Ktr. Dordrecht, 06-01-2011, nr. 256118 CV EXPL 10-4264
ECLI:NL:RBDOR:2011:BP1056
- Instantie
Rechtbank Dordrecht (Kantonrechter)
- Datum
06-01-2011
- Magistraten
Mr. S.H. Gaertman
- Zaaknummer
256118 CV EXPL 10-4264
- LJN
BP1056
- Vakgebied(en)
Huurrecht (V)
- Brondocumenten en formele relaties
ECLI:NL:RBDOR:2011:BP1056, Uitspraak, Rechtbank Dordrecht (Kantonrechter), 06‑01‑2011
Uitspraak 06‑01‑2011
Mr.

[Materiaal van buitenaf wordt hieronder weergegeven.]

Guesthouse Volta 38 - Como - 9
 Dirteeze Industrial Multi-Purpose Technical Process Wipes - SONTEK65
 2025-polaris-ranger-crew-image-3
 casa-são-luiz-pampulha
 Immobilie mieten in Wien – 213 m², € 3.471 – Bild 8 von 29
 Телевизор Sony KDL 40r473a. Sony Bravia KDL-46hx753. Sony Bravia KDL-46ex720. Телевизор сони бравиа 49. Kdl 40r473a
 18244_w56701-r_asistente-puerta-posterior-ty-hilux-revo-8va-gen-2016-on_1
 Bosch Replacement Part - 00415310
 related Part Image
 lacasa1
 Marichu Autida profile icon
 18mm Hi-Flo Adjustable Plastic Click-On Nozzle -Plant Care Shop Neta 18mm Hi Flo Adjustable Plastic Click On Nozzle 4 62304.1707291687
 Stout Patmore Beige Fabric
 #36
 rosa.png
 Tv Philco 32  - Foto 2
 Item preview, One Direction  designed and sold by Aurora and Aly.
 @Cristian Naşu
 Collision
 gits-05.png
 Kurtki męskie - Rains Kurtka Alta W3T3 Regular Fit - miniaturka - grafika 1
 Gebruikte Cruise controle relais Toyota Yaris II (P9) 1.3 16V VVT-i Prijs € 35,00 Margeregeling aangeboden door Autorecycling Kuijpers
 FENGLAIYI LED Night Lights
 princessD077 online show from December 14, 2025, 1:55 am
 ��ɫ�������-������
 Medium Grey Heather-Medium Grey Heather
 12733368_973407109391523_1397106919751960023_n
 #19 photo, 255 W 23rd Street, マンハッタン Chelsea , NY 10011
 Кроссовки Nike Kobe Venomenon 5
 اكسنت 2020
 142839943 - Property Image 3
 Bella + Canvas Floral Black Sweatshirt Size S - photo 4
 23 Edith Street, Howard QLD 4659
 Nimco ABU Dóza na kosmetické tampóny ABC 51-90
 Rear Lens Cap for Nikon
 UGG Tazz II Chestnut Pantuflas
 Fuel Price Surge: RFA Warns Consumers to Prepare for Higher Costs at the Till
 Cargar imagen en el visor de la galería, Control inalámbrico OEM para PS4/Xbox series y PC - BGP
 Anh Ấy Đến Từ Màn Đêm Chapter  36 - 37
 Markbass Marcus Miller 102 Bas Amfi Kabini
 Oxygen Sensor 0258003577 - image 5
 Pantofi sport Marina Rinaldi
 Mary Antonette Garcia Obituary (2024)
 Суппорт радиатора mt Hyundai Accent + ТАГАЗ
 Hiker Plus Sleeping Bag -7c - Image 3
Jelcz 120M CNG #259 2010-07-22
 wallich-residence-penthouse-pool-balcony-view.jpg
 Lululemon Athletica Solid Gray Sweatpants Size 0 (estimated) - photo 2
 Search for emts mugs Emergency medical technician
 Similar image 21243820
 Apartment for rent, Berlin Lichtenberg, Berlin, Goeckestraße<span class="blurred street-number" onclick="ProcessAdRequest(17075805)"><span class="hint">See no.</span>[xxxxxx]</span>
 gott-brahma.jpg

S.H. Gaertman
Partij(en)
vonnis van de kantonrechter te Dordrecht van 6 januari 2011
in de zaak van:
[verhuurder],
gevestigd te [plaatsnaam],
eiseres,
gemachtigde mr. K. van Dijk, advocaat te Rotterdam,
tegen
[huurder],
wonende [adres],
gedaagde,
gemachtigde mr. J.M.G. Hulsman, advocaat te Delft.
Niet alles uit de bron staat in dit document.